The Built Environment And The Sustainability Goals

Safal Steel says the journey towards sustainable construction requires the construction industry to embrace sustainable innovation.
The built environment has the potential to lead the fight against climate change and enhance the move towards low-carbon and sustainable living.

The built environment is a hub of economic activities, individuals and families, and society’s cultural heritage. It protects life and health, its inhabitants’ psychological and social welfare, and sustains aesthetic and cultural values. 

The built environment has the potential to lead the fight against climate change and enhance the move towards low-carbon and sustainable living.

The construction industry negatively impacts the environment through its activities such as waste from project sites, loss of biodiversity and impact of the building materials used which are neither recyclable nor environmentally friendly.

  • Waste from construction and demolition sites is a critical issue for the construction industry since the industry generates a large quantity of such waste even though most of it could be recycled. Construction and demolition waste reduction strategies should start from the early project design stage, through construction and the building operation stage.
  • In particular, the construction industry has a vital role in preserving biodiversity, but this is usually not a priority area for the industry. The construction industry can lead the agenda towards the integration of biodiversity at the heart of sustainable development. Biodiversity should be incorporated into the built environment by providing green urban spaces that can contribute to urban biodiversity conservation. New development construction projects should integrate biodiversity schemes such as creating habitats for wildlife by providing nesting boxes, living roofs and landscapes.
  • The use of materials with high embedded carbon values and no recyclability, or materials that are not renewable, is highly prejudicial to the measure of the overall building impact in the long term. Additionally, materials that enable the integration of energy-efficient technologies can contribute meaningfully to reducing the energy demand and eventually reducing climate change.
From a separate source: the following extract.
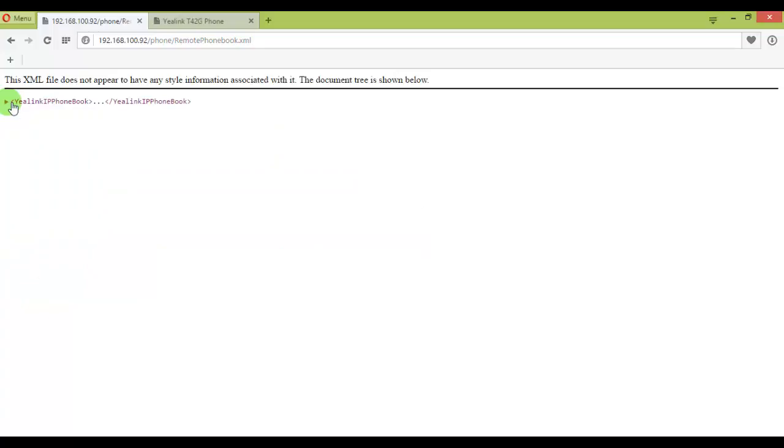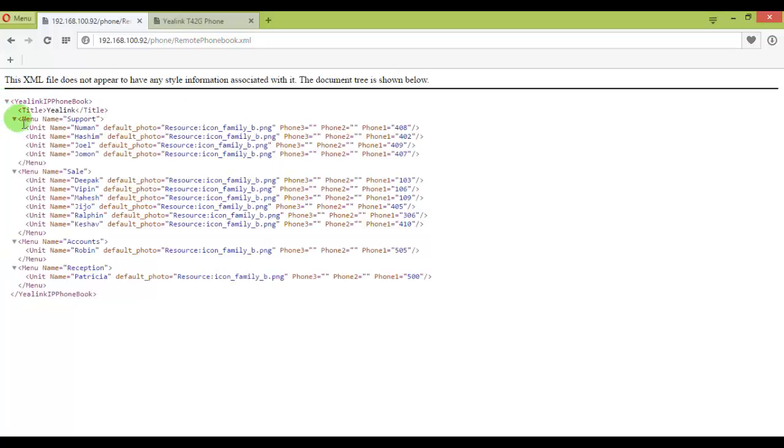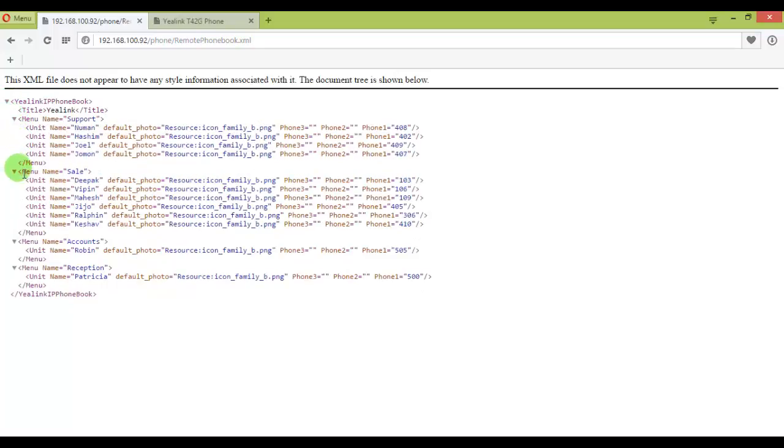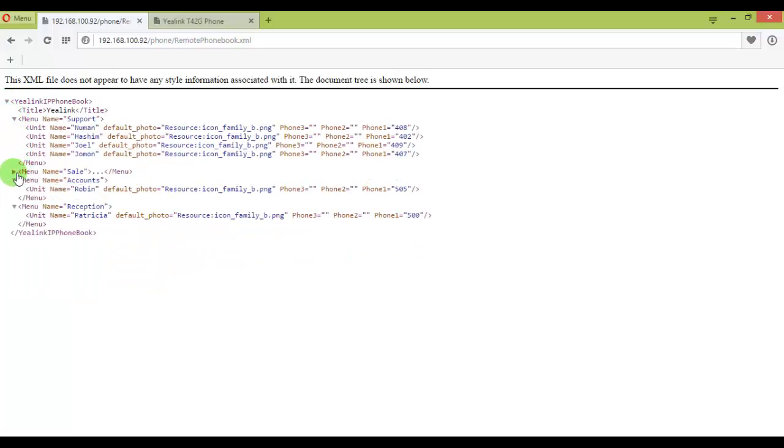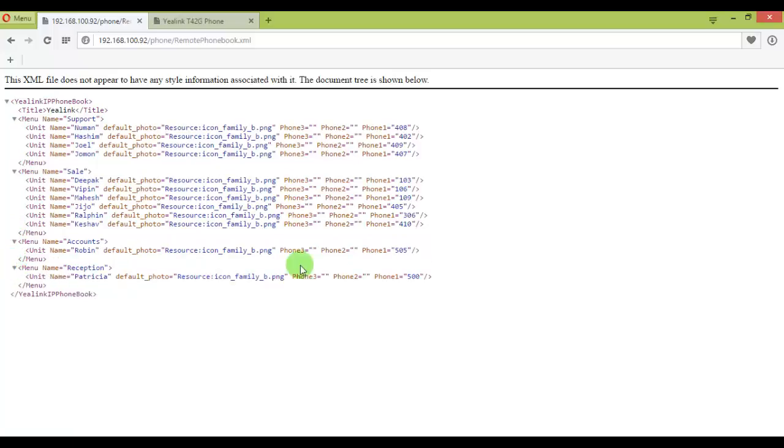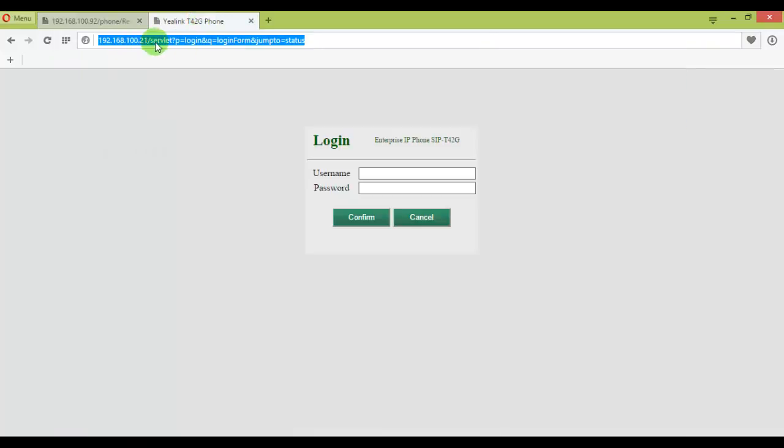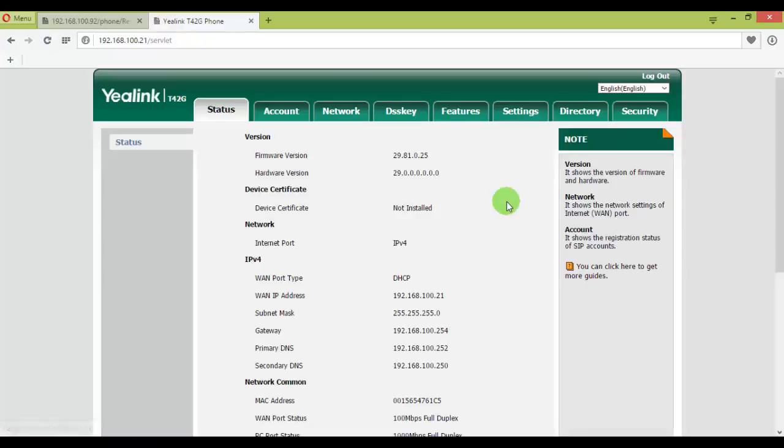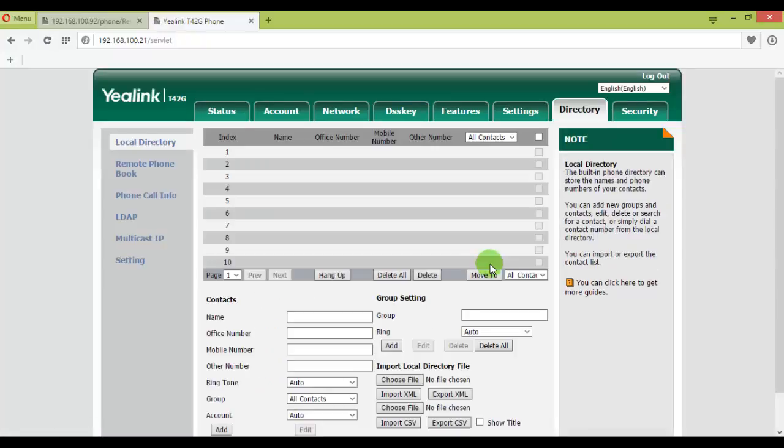Make sure you don't have errors. If there is an error then definitely it will not work for you. Now, this is my IP address of the IP phone. Let me log in as admin with the default password, and then I will go straight to directory.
The ability of construction organisations to cope with the journey towards sustainable change requires us to embrace sustainable innovation from project concept to final tear down.  We can do this – and we must.

Safal Steel is deeply committed to sustainability

Safal Steel production processes are amongst the greenest in Africa:

  • Its production facilities have effluent treatment facilities.
  • All the water Safal Steel uses in its processes is purified and reused on site.
  • Safal Steel’s production activities produce less than 10 000 tons of CO equivalents per annum.

Safal Steel products also more than meet the grade:

  • Its products emit no greenhouse gases.
  • Its materials are designed to be naturally cleaned by rain on external surfaces.
  • The thermal properties of Safal Steel’s paint system make for cooler buildings in summer, reducing the need for power generated cooling.
  • Safal Steel products are 100% recyclable.

Safal Steel is a proud founder member of the Green Building Council of South Africa.